THE RELEVANCE OF RAGNAR NURKSE AND CLASSICAL DEVELOPMENT ECONOMICS
Rainer Kattel, Jan A. Kregel and Erik S. Reinert
Every larger undertaking, whenever it unites continuously a certain number of men for a common economic purpose, reveals itself as a moral community.
Gustav von Schmoller, The Idea of Justice in Political Economy, 1881.
'I do not know', Alexis de Tocqueville says in Democracy in America, 'if one can cite a single manufacturing and commercial nation – from the Tyrians to the Florentine and the English, – that has not also been free. Therefore a close tie and a necessary relation exists between those two things: freedom and industry.' Tocqueville expresses what could be called a development truism of half a thousand years from late Renaissance city-states to Marshall Plan and Havana Charter. Indeed, during the Enlightenment, civilization and democracy were understood, through the analysis of people like Montesquieu and Voltaire among many others, as products of a specific type of economic structure. When German economist Johan Jacob Meyenn stated in 1770 that 'it is known that a primitive people does not improve their customs and institutions later to find useful industries, but the other way around', he expressed something which could be considered common sense at the time. We find the same idea – that civilization is created by industrialization or, to put it more specifically, by the presence of increasing returns activities – in the nineteenth century in thinkers across the whole political spectrum from Abraham Lincoln to Karl Marx.

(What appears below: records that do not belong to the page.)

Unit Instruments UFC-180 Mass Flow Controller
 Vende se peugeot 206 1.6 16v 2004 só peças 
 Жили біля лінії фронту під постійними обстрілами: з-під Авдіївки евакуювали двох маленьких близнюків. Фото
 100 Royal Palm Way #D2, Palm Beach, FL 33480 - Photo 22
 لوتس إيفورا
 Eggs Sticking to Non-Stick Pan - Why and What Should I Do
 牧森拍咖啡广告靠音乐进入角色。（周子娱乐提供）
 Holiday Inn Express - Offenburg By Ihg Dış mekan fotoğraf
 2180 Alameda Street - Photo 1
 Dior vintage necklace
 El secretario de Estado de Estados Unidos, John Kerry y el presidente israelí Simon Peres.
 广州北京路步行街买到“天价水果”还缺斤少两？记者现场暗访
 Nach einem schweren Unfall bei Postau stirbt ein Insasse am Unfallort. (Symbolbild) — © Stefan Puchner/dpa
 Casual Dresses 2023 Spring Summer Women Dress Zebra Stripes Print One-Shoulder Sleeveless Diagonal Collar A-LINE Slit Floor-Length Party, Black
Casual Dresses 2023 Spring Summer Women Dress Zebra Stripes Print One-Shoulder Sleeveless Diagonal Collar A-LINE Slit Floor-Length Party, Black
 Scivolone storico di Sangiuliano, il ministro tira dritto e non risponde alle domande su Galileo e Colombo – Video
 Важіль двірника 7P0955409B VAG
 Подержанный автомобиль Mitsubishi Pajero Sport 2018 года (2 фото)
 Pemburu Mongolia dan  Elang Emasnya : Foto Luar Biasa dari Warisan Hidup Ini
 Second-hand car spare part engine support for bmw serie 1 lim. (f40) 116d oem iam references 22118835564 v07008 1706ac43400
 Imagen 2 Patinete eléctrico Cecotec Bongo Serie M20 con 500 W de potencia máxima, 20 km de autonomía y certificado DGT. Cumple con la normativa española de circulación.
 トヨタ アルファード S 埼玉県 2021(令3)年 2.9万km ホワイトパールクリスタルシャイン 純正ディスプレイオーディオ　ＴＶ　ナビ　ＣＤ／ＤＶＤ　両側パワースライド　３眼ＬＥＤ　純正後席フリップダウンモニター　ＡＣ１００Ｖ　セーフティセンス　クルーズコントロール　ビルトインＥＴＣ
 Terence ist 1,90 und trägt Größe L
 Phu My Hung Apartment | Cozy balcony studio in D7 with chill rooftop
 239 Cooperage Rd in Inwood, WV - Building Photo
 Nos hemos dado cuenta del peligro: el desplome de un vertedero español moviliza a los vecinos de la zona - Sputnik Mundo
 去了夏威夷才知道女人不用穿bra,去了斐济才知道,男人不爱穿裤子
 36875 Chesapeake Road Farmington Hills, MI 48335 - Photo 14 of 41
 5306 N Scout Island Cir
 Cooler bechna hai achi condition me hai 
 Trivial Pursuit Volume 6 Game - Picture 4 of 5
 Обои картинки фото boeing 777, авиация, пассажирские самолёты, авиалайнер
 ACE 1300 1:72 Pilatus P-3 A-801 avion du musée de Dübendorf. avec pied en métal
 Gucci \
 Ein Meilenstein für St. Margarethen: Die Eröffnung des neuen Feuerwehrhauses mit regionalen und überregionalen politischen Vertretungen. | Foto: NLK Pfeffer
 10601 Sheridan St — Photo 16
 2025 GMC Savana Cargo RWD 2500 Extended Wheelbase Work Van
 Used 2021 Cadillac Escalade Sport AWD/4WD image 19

Industrialization 'draws all, even the most barbarian, nations into civilization', as Marx puts it. What might be called the historical development consensus saw, in other words, the aim of development in the creation of middle-income economies – with all the accompanying values and culture that in turn were perceived as highly conducive to further sustained development. However, as Figures 1.1 and 1.2 show, the creation of middle-income economies has become a true rarity in the last three decades.
Apart from East Asia's much-praised experience and the enormous catching up taking place in China and, to a lesser degree in India, the rest of the developing world from Eastern Europe to Latin America and Africa is experiencing strong cognitive dissonance.
While many of these countries have seen significant growth in exports and in foreign capital inflows, their income levels have flatlined since 1980 and in most cases actually dropped in the 1990s. (Figure 1.1)
In fact, compared to highly developed countries, most developing countries were on a steady track towards catching up until the early 1980s; the subsequent decades show continuous and significant catching up – and actual surging ahead in the case of some countries such as Singapore – of East Asian economies. (Figure 1.2; see also Wade 2008) The trends follow rather precisely the changes in development thinking from classical development economics up to the late 1970s to the Washington Consensus from the 1980s.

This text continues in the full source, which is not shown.